Todos compartimos la misma desazón, si acaso en distinto grado, a la vista de las imágenes de los ciudadanos huidos de zonas de conflicto, del hambre o, simplemente, de la falta de perspectivas vitales en su penosa llegada a las fronteras europeas. Y todos sabemos también que en el origen de todo esto se encuentra la radical desigualdad en la que el azar o la voluntad de los innumerables dioses despiadados que nos han sumido a los bichos humanos. Y, por último, a todos nos gusta sentirnos tan solidarios, tan nobles y tan compasivos como a cualquiera, pero la situación plantea una serie de preguntas al margen a cuestiones éticas y morales –no digamos ya moralinas–, en el terreno del orden práctico. Unas preguntas que sobrevuelan la cuestión y que, de uno en uno o colectivamente, deberemos responder más pronto que tarde. Aquí van unas cuantas y no se refieren a un futuro más o menos inconcreto en el que Occidente deje de expoliar hasta los más remotos países, sino a los que en este agosto de 2015 aporrean las puertas de la ciudadela europea:
¿Están nuestros políticos desprovistos de los mismos sentimientos que al parecer albergamos y compartimos quienes les votamos y elegimos? ¿Son peores personas que nosotros? ¿Somos buenos y ellos malos? ¿Por qué no permiten la entrada de los refugiados? ¿Dónde vivirían estos refugiados? ¿En campos de acogida? Existen precedentes: Holanda alojó durante décadas a inmigrantes de sus excolonias en el mismo antiguo campo de concentración alemán por el que pasó en tránsito Ana Frank. ¿En las afueras de las ciudades, donde los vecinos acusarían a las autoridades de regalar pisos ‘a los de fuera’? ¿En el centro de las ciudades, donde los vecinos tratarían de impedirlo por todos los medios, so pena de ver devaluadas irremisiblemente sus inversiones inmobiliarias? ¿Repartidos por distintos barrios, para que el voto xenófobo crezca de forma homogénea? ¿En qué van a trabajar? ¿Como mano de obra barata, ellas en el trabajo doméstico, ellos en la construcción, todos en el cuidado de nuestros ancianos? ¿Se podría escolarizar a los niños extranjeros en cualquier centro operativo en el territorio? ¿Está la población europea dispuesta a compartir todo lo comunitario con decenas de miles de recién llegados? ¿Lo está la población de alguna zona de este mundo? ¿Se desataría algún tipo de cruel competición entre dos bandos irreconciliables –‘los de aquí’, ‘los de fuera’– a la hora de disputarse las ayudas sociales o las habría para todos? ¿Habría algún tipo de límite a la entrada de necesitados en el país y, de ser así, cómo se establecería? ¿Mediante sorteo, al estilo de las VPO? ¿O quizás por cupos, en función de las necesidades del mercado?

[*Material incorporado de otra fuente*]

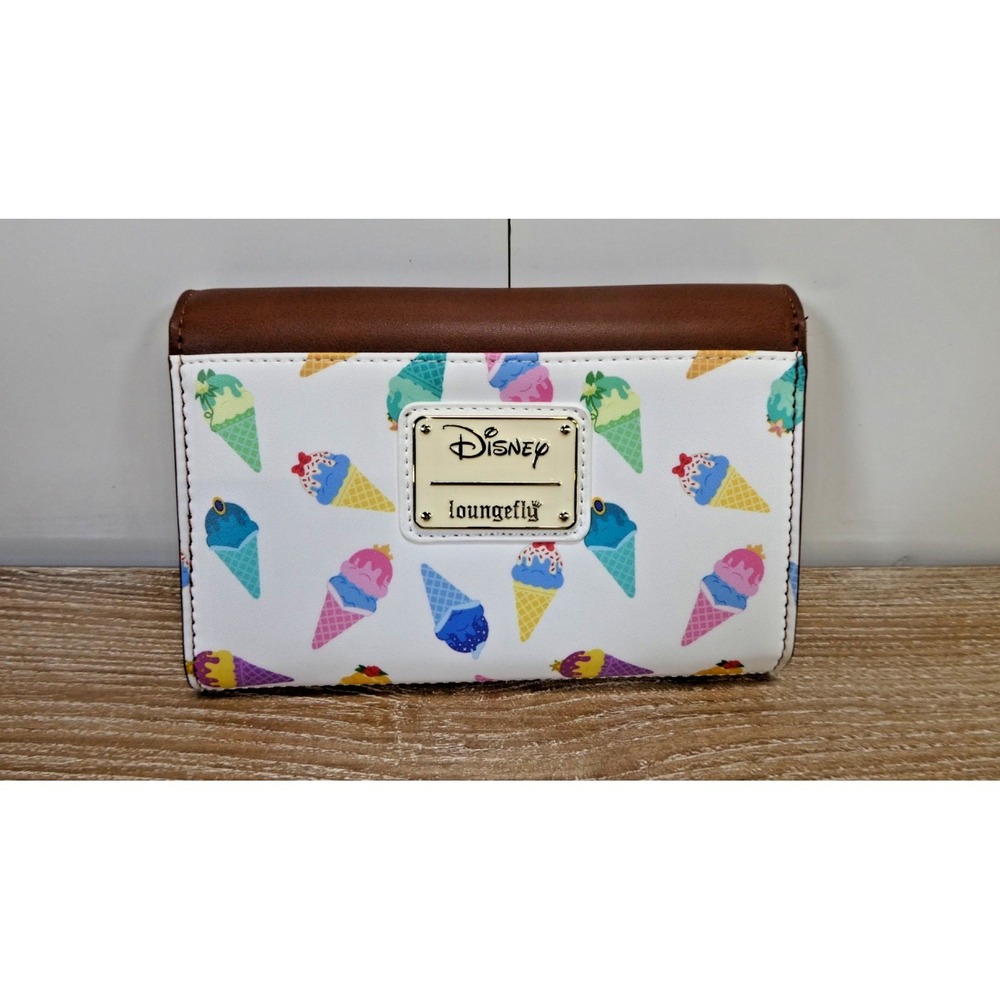 Loungefly Disney Princess Ice Cream Flap Wallet - Mint Condition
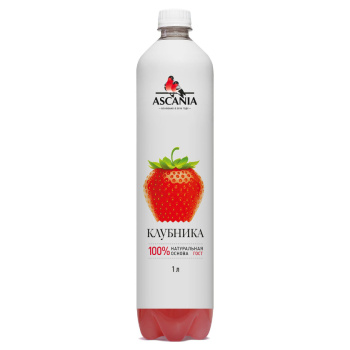 Напиток Аскания клубника, 1л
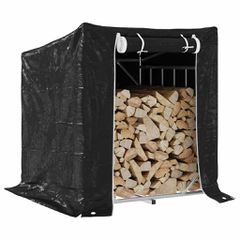 vidaxL Ράφι για καυσόξυλα με κάλυμμα βροχής 100,5x80,5x110,5 εκ. 4104938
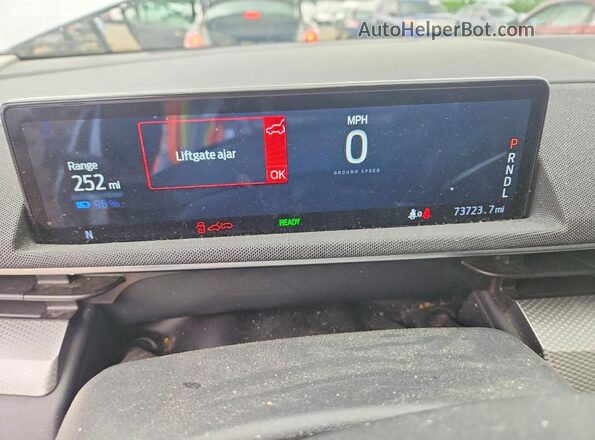 3FMTK1RM2MMA18887 2021 FORD MUSTANG Серый Вид щитка приборов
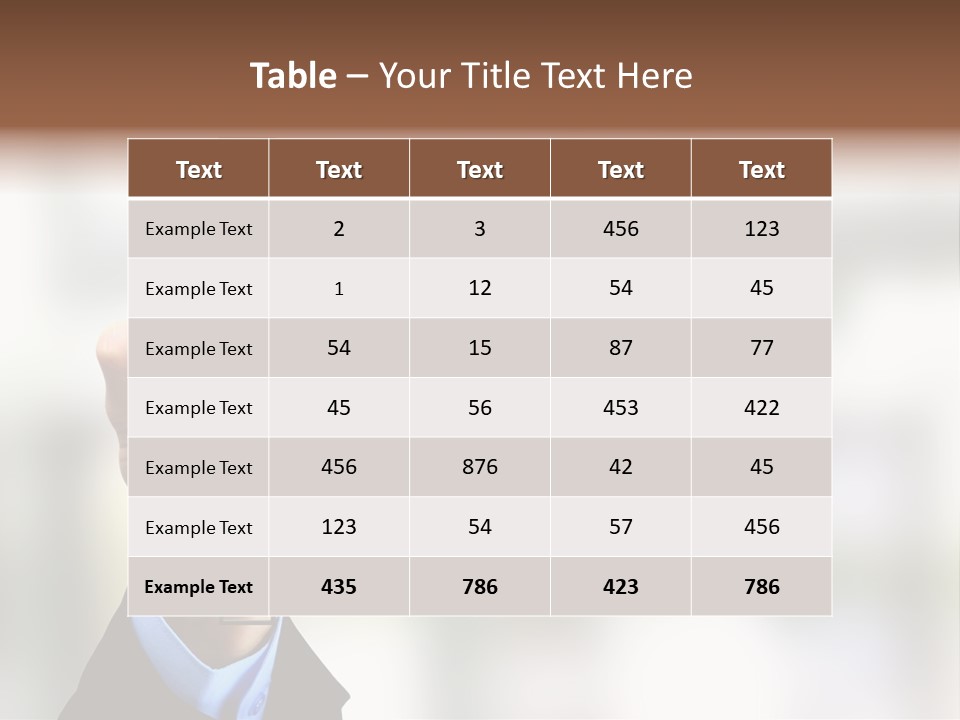 Exam Option Vote PowerPoint Template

Y sigo: ¿son nuestros dirigentes políticos unos desalmados o tan sólo los obedientes intérpretes de nuestros anhelos más inconfesables? ¿Retiraría incondicionalmente las concertinas algún partido político de cuantos optan a gobernar en España en caso de victoria? ¿Existe algún tipo de alambrada frente a la cual se vaya a detener quien deja detrás matanzas sin cuento? ¿En qué clase de frivolidad incurre quien pinta bigotitos hitlerianos a Merkel mientras medio Oriente se despelleja en las alambradas con el único objetivo en la mente de llegar a territorio alemán, algo que jamás le sucedió a Adolf, más bien todo lo contrario? ¿Alcanzamos a intuir siquiera de forma ligera lo que sucedería en una Europa gobernada en su mayoría por partidos estrictamente xenófobos? ¿Alguien tiene una solución para todo? ¿Alguien tiene solución para algo? ¿Alguien tiene soluciones sencillas para problemas complejos? ¿Hemos de asumir que algunos problemas carecen de solución, al menos, de una solución a la altura de nuestras propias expectativas? ¿Son las exigencias de justicia universal el jabón con el que frotamos nuestras conciencias y la exhibición pública de nuestra –por lo demás intranscendente– compasión el agua en el que aclaramos la suciedad? ¿Tiene realmente alguien alguna propuesta?